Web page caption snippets
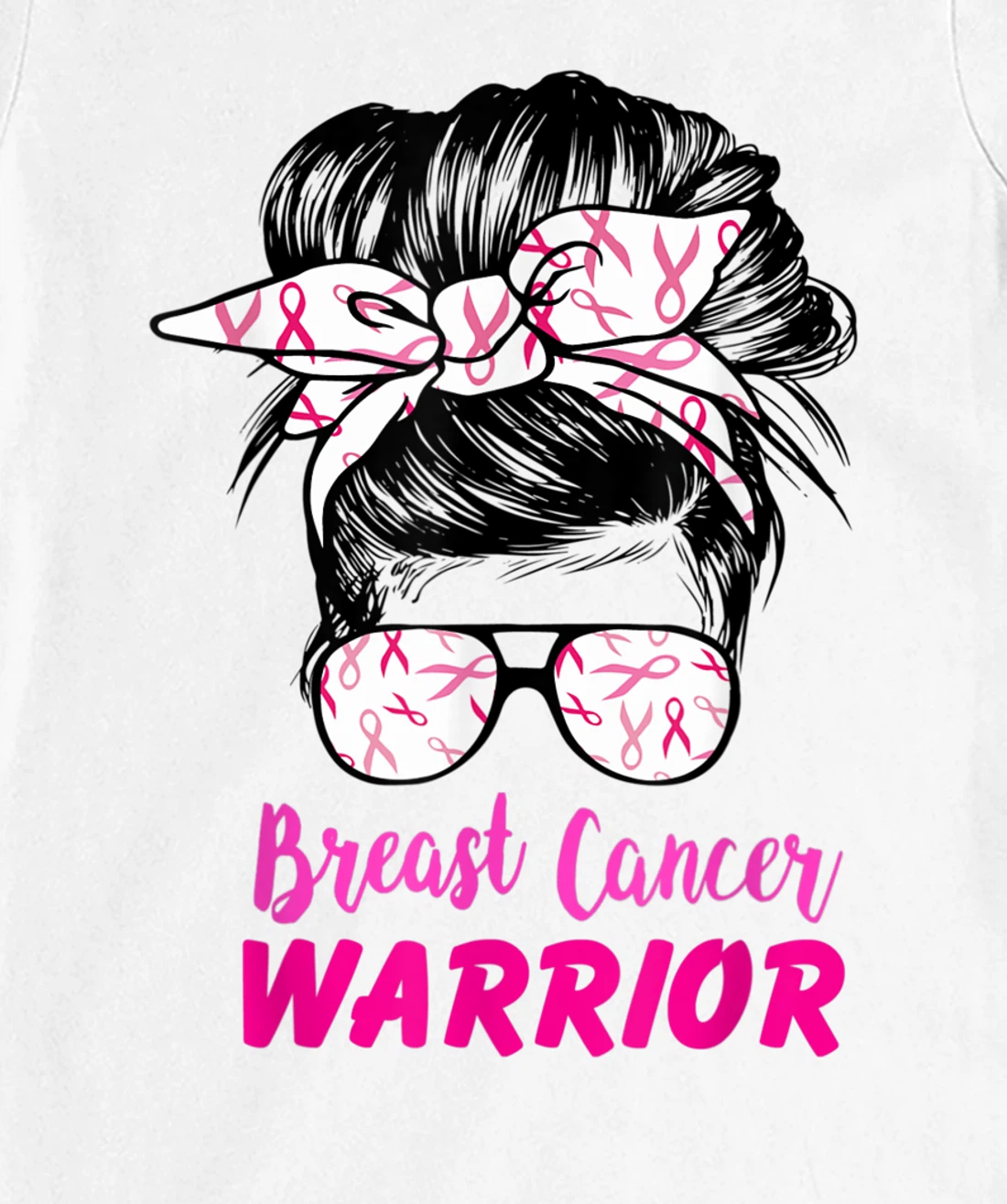 Womens Breast Cancer Warrior with messy bun breast cancer survivor T-Shirt, Kid T-Shirt and Women T-Shirt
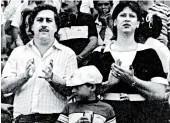  ?? EL TIEMPO/AP FILE ?? Pablo Escobar, his wife, Maria Henao, and their son, Juan Pablo, attend a soccer match in Bogota, Colombia.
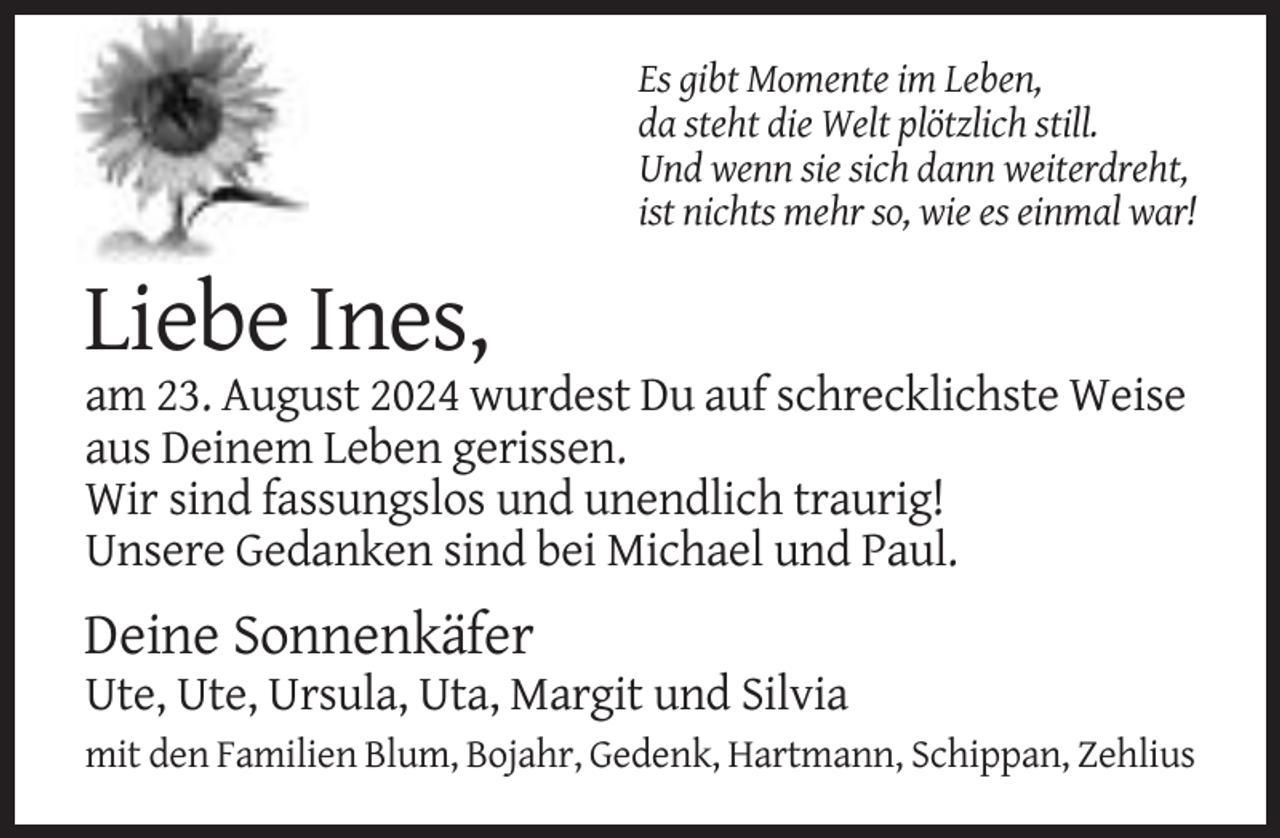 <p>Es gibt Momente im Leben,<br />da steht die Welt plötzlich still.<br />Und wenn sie sich dann weiterdreht,<br />ist nichts mehr so, wie es einmal war!</p><p>Liebe Ines,<br />am 23. August 2024 wurdest Du auf schrecklichste Weise<br />aus Deinem Leben gerissen.<br />Wir sind fassungslos und unendlich traurig!<br />Unsere Gedanken sind bei Michael und Paul.</p><p>Deine Sonnenkäfer<br />Ute, Ute, Ursula, Uta, Margit und Silvia<br />mit den Familien Blum, Bojahr, Gedenk, Hartmann, Schippan, Zehlius</p>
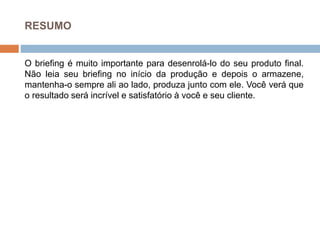 RESUMO
O briefing é muito importante para desenrolá-lo do seu produto final.
Não leia seu briefing no início da produção e depois o armazene,
mantenha-o sempre ali ao lado, produza junto com ele. Você verá que
o resultado será incrível e satisfatório à você e seu cliente.
 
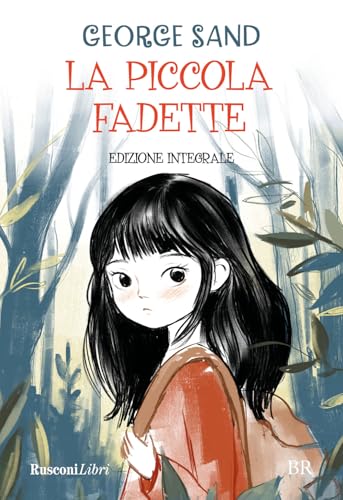 La piccola Fadette. Ediz. integrale (Biblioteca ragazzi) von Rusconi Libri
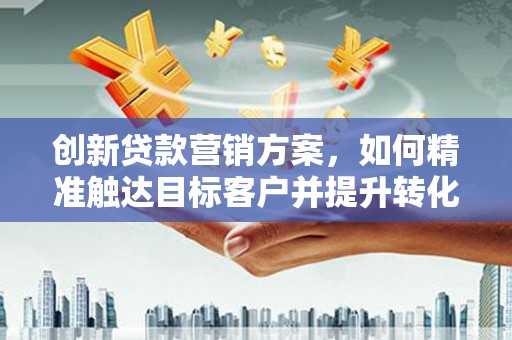 乌丘创新贷款营销方案，如何精准触达目标客户并提升转化率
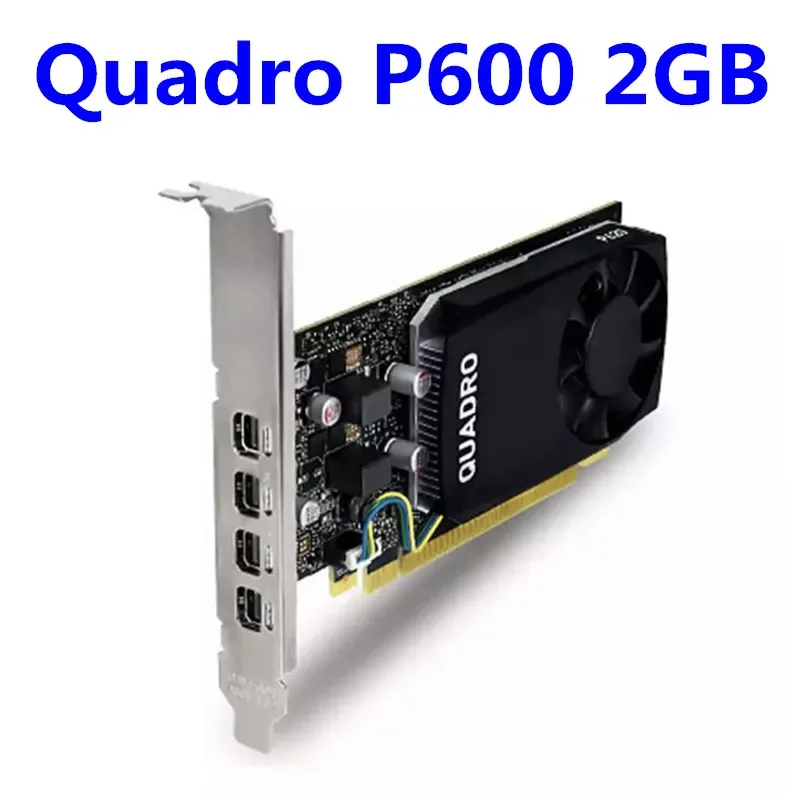 

Original Quadro P600 2GB Professional Graphics Card for CAD PS 3DMAX Design Clip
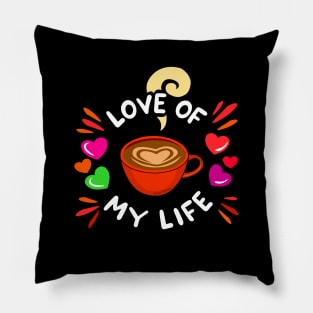 (for dark backgrounds) Coffee Is My Valentine Pillow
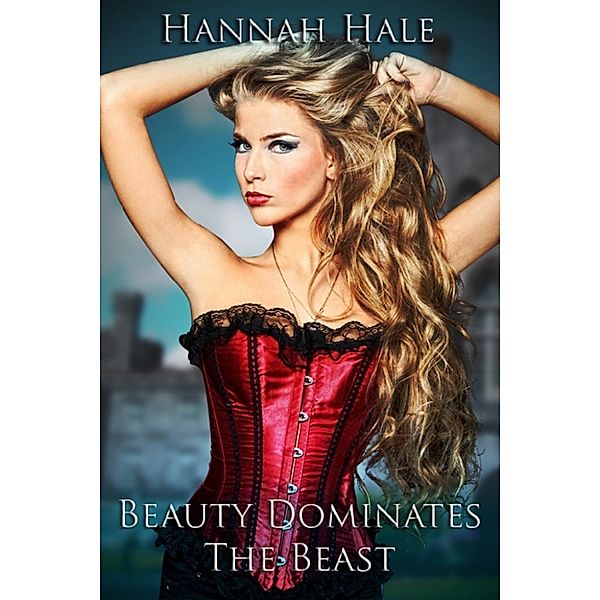 Beauty Dominates the Beast, Hannah Hale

Problem details
This exercise requires the lines of the entries containing the string "briefing".

Your solution
O briefing é muito importante para desenrolá-lo do seu produto final.
Não leia seu briefing no início da produção e depois o armazene,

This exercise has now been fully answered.